Originally published in Grok Magazine

(Palace Records/Spunk)

As the primary instigator of all things Palace, Will Oldham has spent several years carefully nurturing a reputation for producing shambolic masterpieces. His last proper outing under the moniker of the Bonny Prince, 1999’s I See A Darkness , was a quantum leap away from both his Palace and solo work. A fragile, awe inspiring journey into the depths of a troubled soul, it introduced Oldham to a whole new audience, even inspiring Johnny Cash to cover the title song on his last LP.

Two years and a few excellent EPs later, Oldham has dragged all his friends and family into the studio once more, and under the guidance of David Pajo (Tortoise/Slint), produced a marvellous, jaunty album, almost the antithesis to the darkness to which he seemed enslaved. Revisiting the jaunty country sounds of early Palace (particularly There Is No One What Will Take Care of You), only with some real technical ability these days, this journey is described perfectly by the album’s title o a delightful day spent easing slowly down a country road, cold beer in hand and adulterous family in tow.

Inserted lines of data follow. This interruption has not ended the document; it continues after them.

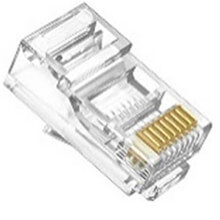 Đầu bấm mạng RJ-45 Cat 6 ENSOHO (EN-RJ45C6B)
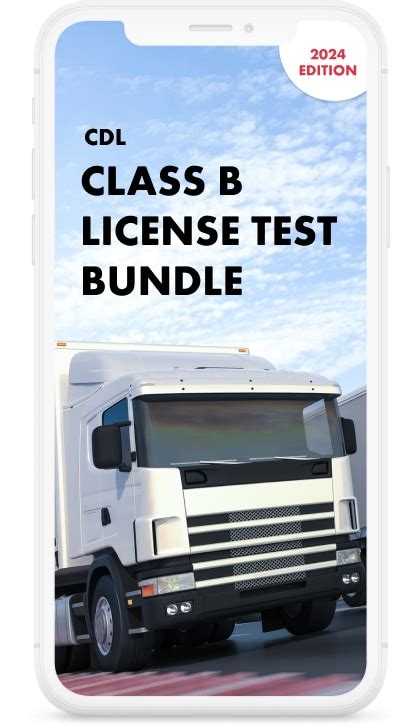 Cdl Class B License Test Bundle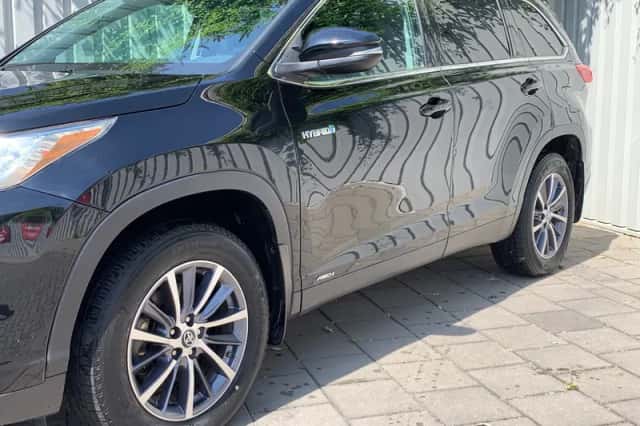 Toyota HIGHLANDER (2019) thumbnail 4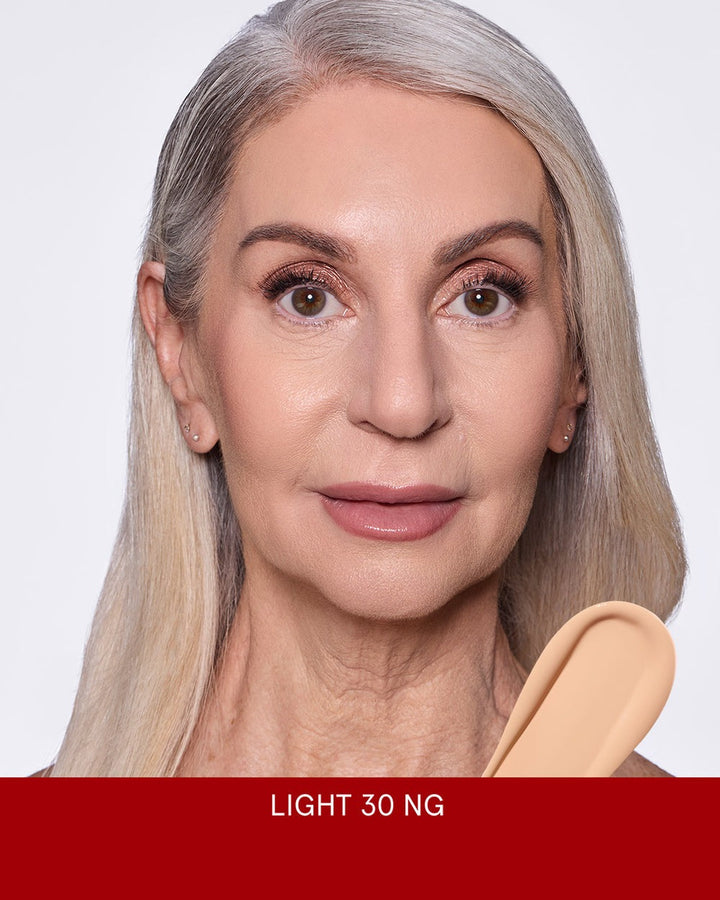 Light 30 NG - Turn Up The Base Full Beat Liquid Foundation - GLAM MODA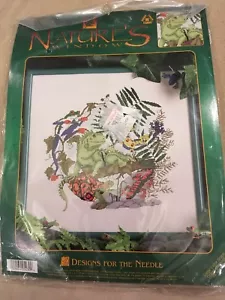 Disegni Per L’Ago Foresta Punto Croce Contato Kit 5430 Nuovo 14” X 14” - Foto 1 di 6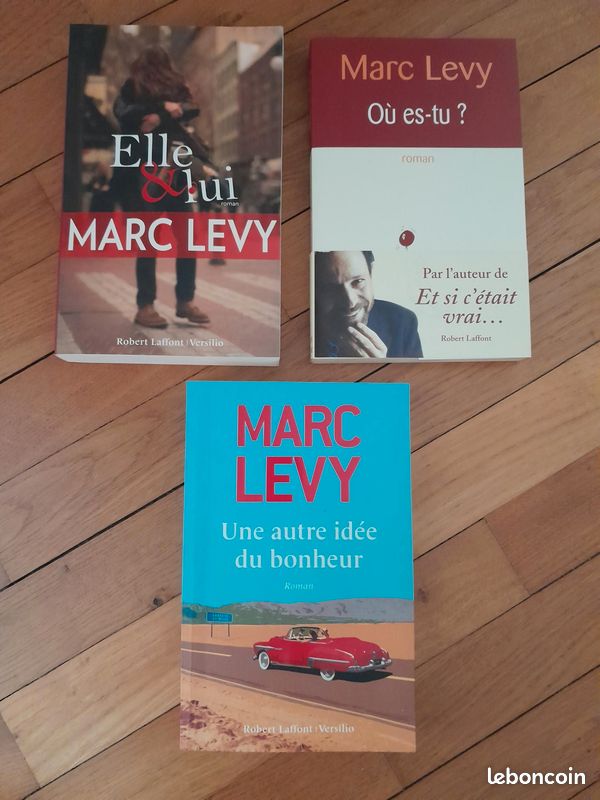 Livres Marc Levy (image 1)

The tragedy of Oldham’s continued development as a musician is that he has started to develop real song structure and tunesmithery o the absence of which made Palace that extra bit special. There are more verse-chorus-verse songs present on this album than in all of his career prior, and a voice that was once always ready to shatter into a thousand pieces trying to reach a middle note now bubbles with exuberance and confidence. Still, his lyrics are as off-the-wall delightful as ever, half gut-wrenching poetry, and half cheeky wordplay, along with the odd line that defies description: “Sara walks a slinky strut/very gorgeous anxious slut/has a love scar on her wrist/we’ll give her our painful fist”.

Along with brother Ned, members of Smog, Royal Trux and Freakwater, and a cameo from Harmony Korine, Oldham journeys through the tribulations of getting older and settling down, easing down life’s road and questioning the purpose of his lonely existence. From the troubled royalty in the Palace in “A King At Night”, condemned to a life of loneliness, to a man contented with his future in the fabulous banjo-laden hoedown finale with a “Rich Wife Full of Happiness”, who can’t hold her voice still “the way nooses hold necks still in excellent poise”, I have been on few more enjoyable journeys.

Beneath the twisted poetry of the lyrics and devastatingly simple musical arrangements, this seems to be an album about the oldest topic of them all o love. The Bonny Prince is simultaneously recoiling in fear of it, and rejoicing in its glow. There may be a thousand imitators in the “insurgent country” market these days, but nobody is making music quite as special as Oldham’s.